------ Data shown
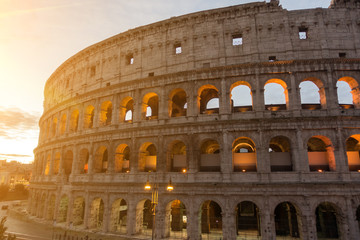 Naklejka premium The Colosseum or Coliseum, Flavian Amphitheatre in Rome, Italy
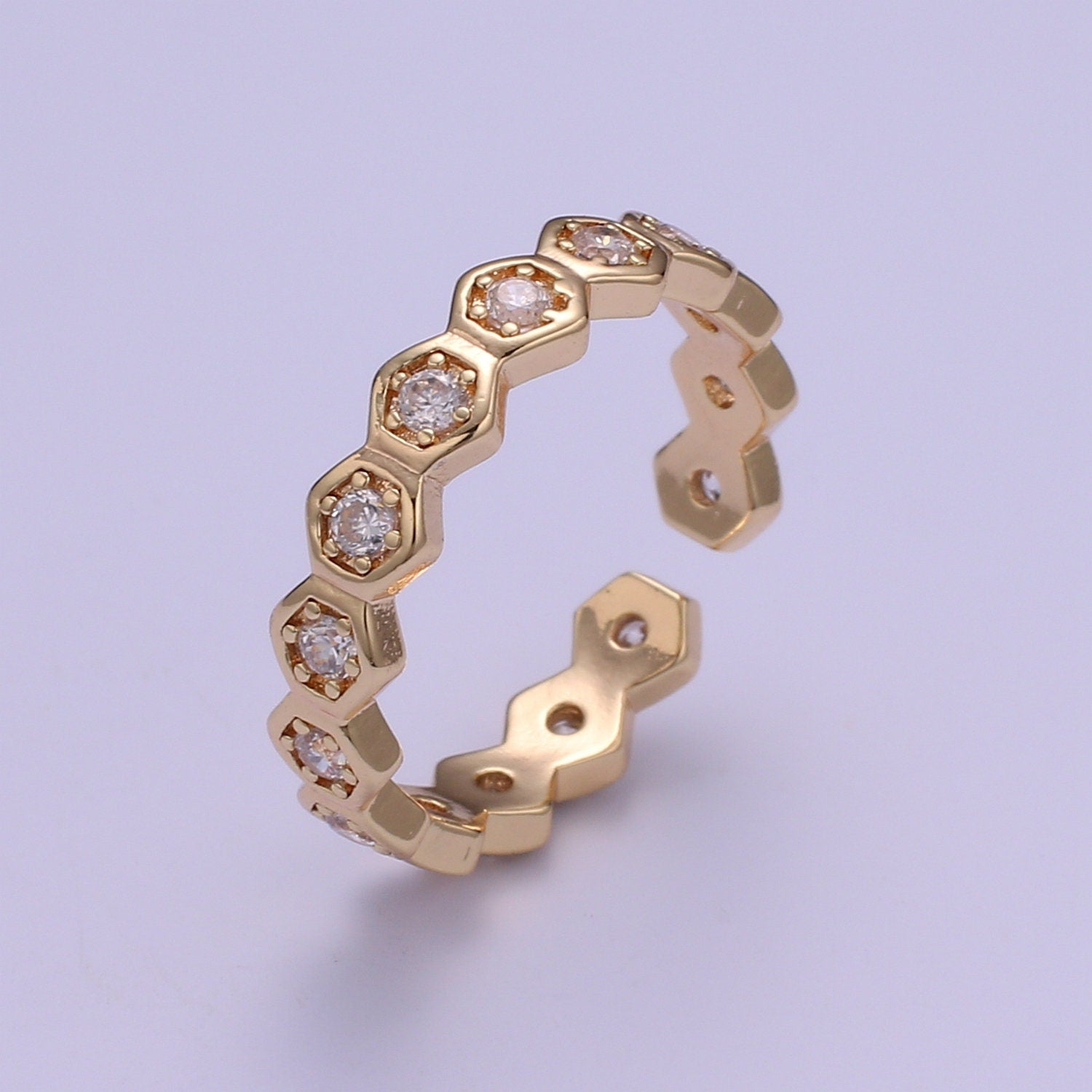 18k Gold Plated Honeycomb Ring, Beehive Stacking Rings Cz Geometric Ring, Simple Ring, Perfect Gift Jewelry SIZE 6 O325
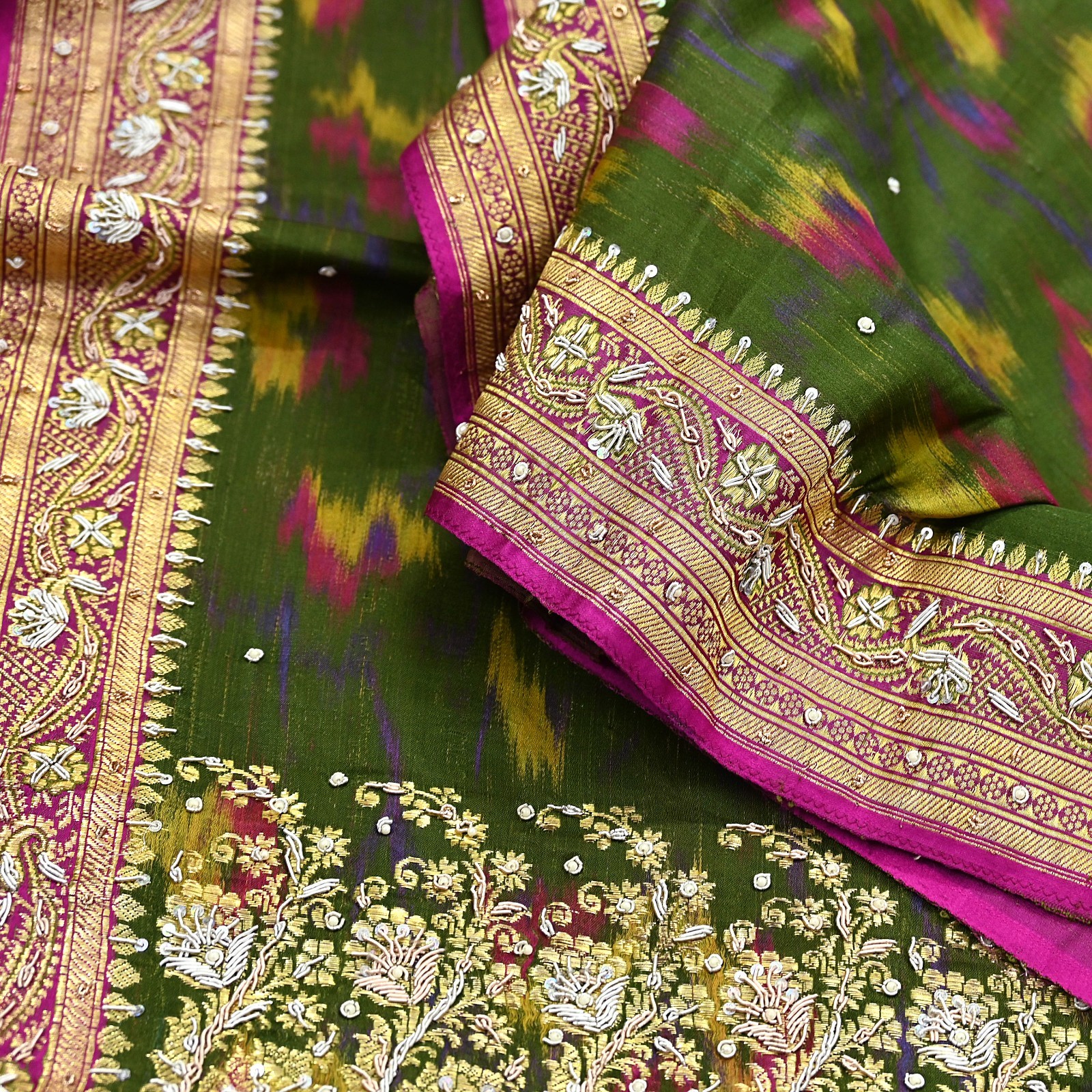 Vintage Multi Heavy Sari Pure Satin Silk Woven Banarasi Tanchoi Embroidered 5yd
------------
------ Data shown
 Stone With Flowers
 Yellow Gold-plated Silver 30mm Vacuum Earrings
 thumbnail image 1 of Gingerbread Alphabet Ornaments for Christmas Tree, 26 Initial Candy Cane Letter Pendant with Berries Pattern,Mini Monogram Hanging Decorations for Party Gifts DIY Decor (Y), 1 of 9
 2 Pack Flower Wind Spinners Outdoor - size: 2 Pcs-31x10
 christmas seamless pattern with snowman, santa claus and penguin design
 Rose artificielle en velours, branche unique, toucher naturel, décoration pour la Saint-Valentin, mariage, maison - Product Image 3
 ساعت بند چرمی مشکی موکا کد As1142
------------
------ Data shown
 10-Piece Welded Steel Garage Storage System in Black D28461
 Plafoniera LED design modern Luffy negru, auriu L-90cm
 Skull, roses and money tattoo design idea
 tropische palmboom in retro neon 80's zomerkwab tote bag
------------
Requirement –
Transcribe the records above from the line holding "Yellow Gold-plated Silver" down to the line holding "ساعت بند چرمی مشکی موکا کد As1142", inclusive, without adding anything.

Response –
 Yellow Gold-plated Silver 30mm Vacuum Earrings
 thumbnail image 1 of Gingerbread Alphabet Ornaments for Christmas Tree, 26 Initial Candy Cane Letter Pendant with Berries Pattern,Mini Monogram Hanging Decorations for Party Gifts DIY Decor (Y), 1 of 9
 2 Pack Flower Wind Spinners Outdoor - size: 2 Pcs-31x10
 christmas seamless pattern with snowman, santa claus and penguin design
 Rose artificielle en velours, branche unique, toucher naturel, décoration pour la Saint-Valentin, mariage, maison - Product Image 3
 ساعت بند چرمی مشکی موکا کد As1142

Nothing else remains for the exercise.